L’opposizione a Trump e lo sconforto per le 
    sue scelte sono destinati a crescere negli Stati Uniti: non solo 
    tra quanti sono già stati colpiti dalle decisioni del nuovo 
    presidente, ma anche all’interno dei quadri dei partiti 
    democratico e repubblicano, in cui lo stile di Trump è visto 
    molto negativamente. Previsioni troppo nere per il fresco 
    vincitore contro tutto e tutti? Può darsi, ma un dato è certo: 
    fra quattro anni gli statunitensi tornano al voto. Vince 
    nuovamente Trump? La parola fine sarà spostata fra otto anni. 

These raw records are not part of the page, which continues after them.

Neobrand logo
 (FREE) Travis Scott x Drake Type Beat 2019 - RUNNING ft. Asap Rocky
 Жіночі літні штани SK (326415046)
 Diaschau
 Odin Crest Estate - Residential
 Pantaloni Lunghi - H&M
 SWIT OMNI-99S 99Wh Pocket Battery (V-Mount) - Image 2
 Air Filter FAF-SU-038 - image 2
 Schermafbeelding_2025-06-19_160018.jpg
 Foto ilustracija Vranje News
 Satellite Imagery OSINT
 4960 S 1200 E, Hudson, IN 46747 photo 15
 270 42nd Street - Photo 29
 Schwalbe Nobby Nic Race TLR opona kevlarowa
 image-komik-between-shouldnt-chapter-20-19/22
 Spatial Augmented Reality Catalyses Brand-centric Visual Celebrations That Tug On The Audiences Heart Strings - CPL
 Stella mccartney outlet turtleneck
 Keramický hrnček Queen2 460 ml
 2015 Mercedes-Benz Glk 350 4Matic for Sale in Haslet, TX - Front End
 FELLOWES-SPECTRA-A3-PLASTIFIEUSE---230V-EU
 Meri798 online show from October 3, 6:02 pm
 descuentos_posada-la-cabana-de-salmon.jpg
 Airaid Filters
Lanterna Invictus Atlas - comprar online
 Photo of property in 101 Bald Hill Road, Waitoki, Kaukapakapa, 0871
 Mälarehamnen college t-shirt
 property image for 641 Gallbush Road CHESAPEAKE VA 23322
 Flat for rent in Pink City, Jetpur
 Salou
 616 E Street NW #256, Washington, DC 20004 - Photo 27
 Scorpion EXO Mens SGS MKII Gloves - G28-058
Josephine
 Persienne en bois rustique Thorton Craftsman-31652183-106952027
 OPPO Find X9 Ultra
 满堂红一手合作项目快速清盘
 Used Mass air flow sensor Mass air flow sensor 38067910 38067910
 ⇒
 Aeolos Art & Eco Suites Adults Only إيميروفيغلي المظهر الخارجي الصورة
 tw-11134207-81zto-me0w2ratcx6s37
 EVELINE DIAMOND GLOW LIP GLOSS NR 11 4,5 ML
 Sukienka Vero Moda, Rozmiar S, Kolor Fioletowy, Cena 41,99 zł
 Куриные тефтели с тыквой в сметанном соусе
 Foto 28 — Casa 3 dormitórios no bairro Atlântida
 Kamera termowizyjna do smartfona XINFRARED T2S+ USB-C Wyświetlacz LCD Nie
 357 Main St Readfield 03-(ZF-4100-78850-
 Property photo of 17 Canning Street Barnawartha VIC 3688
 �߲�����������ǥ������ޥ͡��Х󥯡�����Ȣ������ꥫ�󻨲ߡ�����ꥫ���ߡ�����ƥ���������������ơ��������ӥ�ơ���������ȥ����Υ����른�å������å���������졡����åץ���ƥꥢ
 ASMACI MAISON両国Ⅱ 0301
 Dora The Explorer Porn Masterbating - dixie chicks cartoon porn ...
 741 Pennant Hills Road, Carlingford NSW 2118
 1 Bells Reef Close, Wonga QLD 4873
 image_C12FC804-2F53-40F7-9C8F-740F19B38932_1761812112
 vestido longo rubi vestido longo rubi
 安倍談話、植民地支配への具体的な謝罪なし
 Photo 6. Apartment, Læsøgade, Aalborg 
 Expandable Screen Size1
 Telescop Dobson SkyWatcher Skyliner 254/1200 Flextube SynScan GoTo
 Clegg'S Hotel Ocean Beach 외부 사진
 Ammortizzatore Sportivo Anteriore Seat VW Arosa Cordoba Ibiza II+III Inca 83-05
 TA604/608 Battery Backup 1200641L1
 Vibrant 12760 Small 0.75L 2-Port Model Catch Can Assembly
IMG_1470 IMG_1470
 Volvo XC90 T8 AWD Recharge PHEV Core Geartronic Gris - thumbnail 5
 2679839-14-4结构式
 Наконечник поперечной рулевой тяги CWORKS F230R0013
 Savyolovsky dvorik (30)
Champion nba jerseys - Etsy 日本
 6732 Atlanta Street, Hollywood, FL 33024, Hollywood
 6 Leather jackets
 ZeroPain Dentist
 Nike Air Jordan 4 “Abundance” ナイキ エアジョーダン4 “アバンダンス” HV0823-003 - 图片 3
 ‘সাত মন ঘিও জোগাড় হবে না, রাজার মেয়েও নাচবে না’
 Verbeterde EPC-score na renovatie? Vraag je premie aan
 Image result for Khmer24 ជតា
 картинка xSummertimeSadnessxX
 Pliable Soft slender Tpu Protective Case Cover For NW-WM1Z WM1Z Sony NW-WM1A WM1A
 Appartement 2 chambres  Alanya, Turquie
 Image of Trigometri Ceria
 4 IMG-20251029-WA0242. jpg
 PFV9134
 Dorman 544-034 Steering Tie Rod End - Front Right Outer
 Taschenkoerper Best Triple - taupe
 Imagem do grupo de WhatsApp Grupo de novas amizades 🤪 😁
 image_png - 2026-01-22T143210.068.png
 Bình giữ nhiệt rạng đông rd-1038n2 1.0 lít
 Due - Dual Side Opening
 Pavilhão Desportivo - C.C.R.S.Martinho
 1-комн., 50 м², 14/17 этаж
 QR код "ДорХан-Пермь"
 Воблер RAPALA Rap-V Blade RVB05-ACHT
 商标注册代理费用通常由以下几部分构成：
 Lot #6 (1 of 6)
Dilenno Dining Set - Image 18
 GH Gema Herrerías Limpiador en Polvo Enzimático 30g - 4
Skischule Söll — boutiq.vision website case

    Non so quanto possa durare l’epoca di Trump, ma una cosa va 
    oltre ogni ragionevole dubbio: come ha avuto termine il regno di 
    Creso, anche quello di Trump un giorno finirà. “Domani è un 
    altro giorno” è formula un po’ stantia che assolve di solito a 
    scopi autoconsolatori. È un’altra la frase che i sostenitori più 
    strenui di Trump dovrebbero fare propria per evitare in 
    incorrere in errori fatali: “C’è sempre un domani”.